Problem statement
Reproduce every record verbatim but drop the pictures.
== Segment start ==
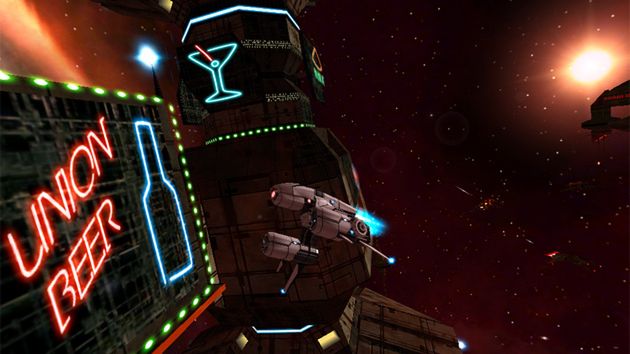 Galaxy on Fire 2: Valkyrie – garść informacji o nadchodzącym dodatku [ wideo] 1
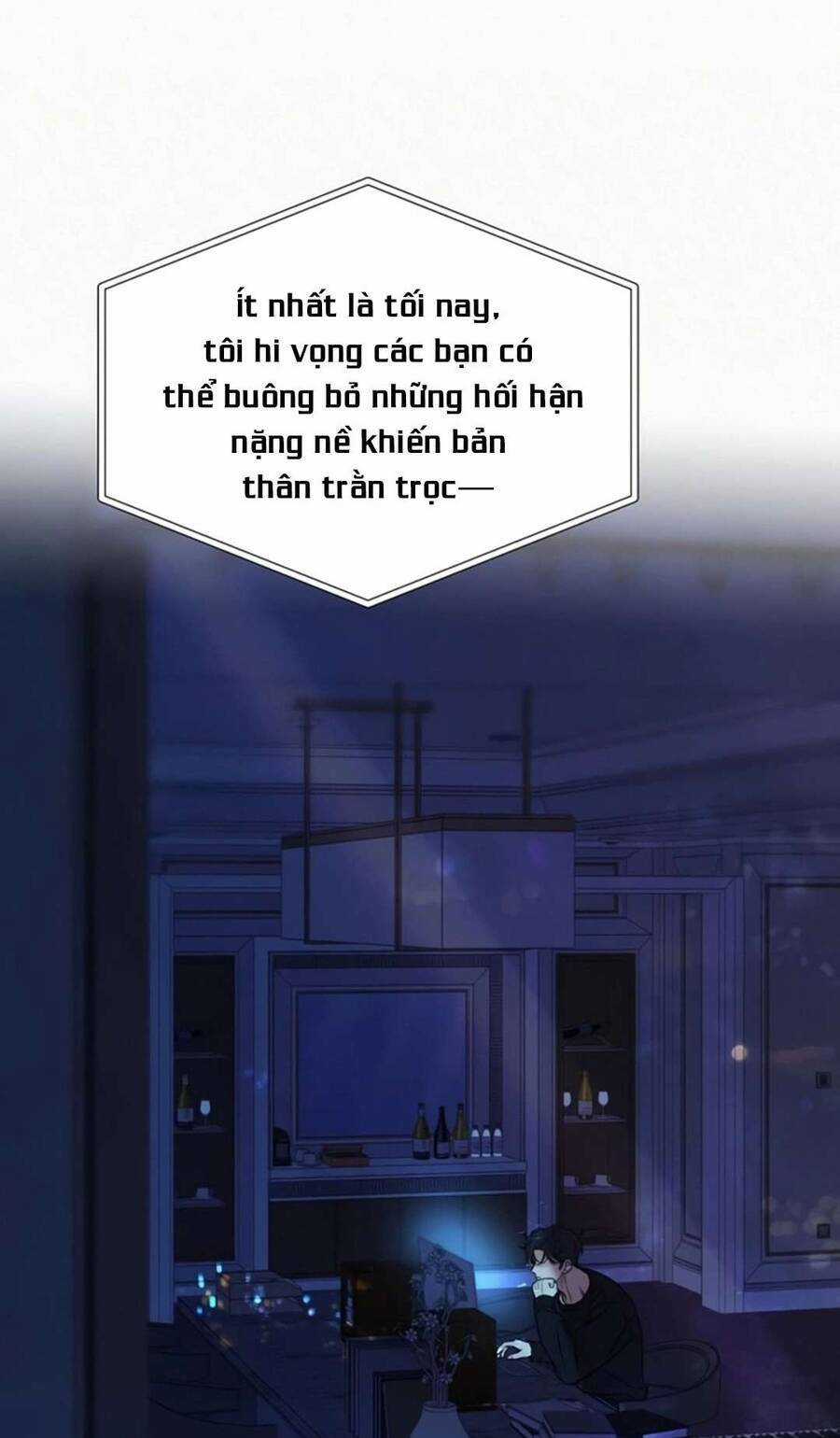 Tình Yêu Trong Sáng - Chapter 110 - Trang 116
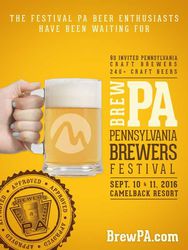 BrewPA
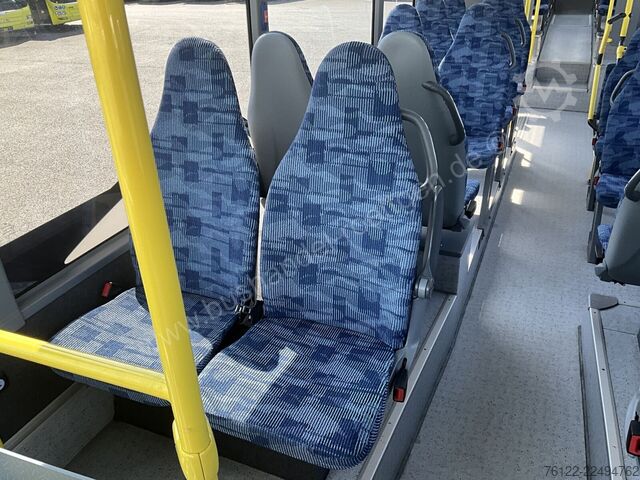 City bus Setra S 415 LE Business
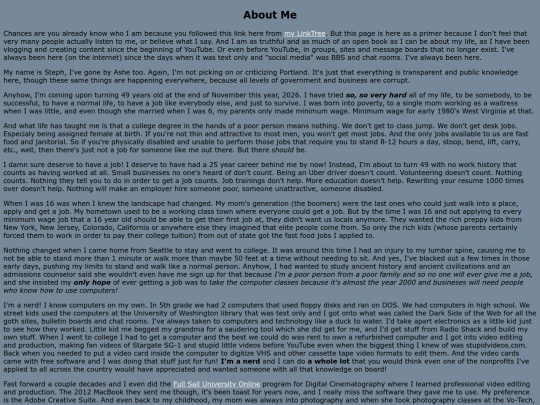 about screenshot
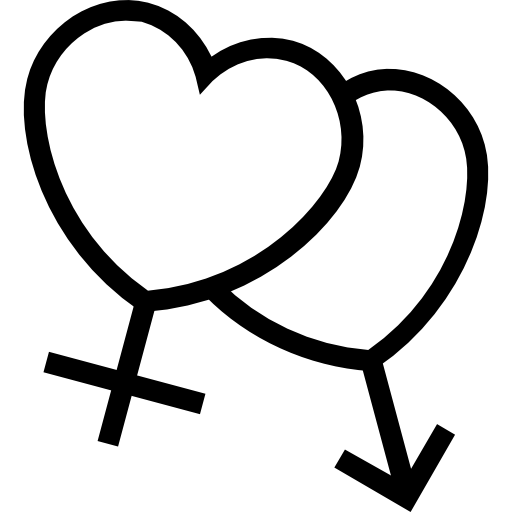 geschlechter Dinosoft Lineal icon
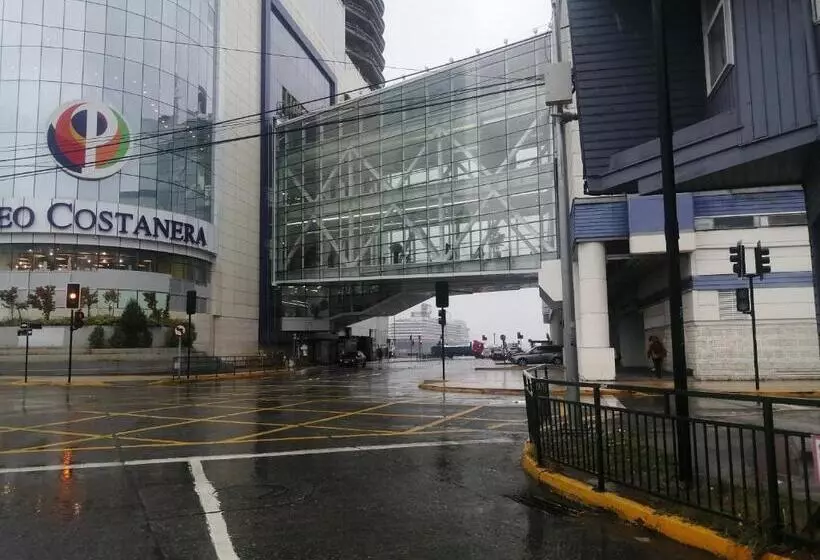 Majatalo Hostal Copiapó Puerto Montt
== Segment end ==
Task answer
 Galaxy on Fire 2: Valkyrie – garść informacji o nadchodzącym dodatku [ wideo] 1
 Tình Yêu Trong Sáng - Chapter 110 - Trang 116
 BrewPA
 City bus Setra S 415 LE Business
 about screenshot
 geschlechter Dinosoft Lineal icon
 Majatalo Hostal Copiapó Puerto Montt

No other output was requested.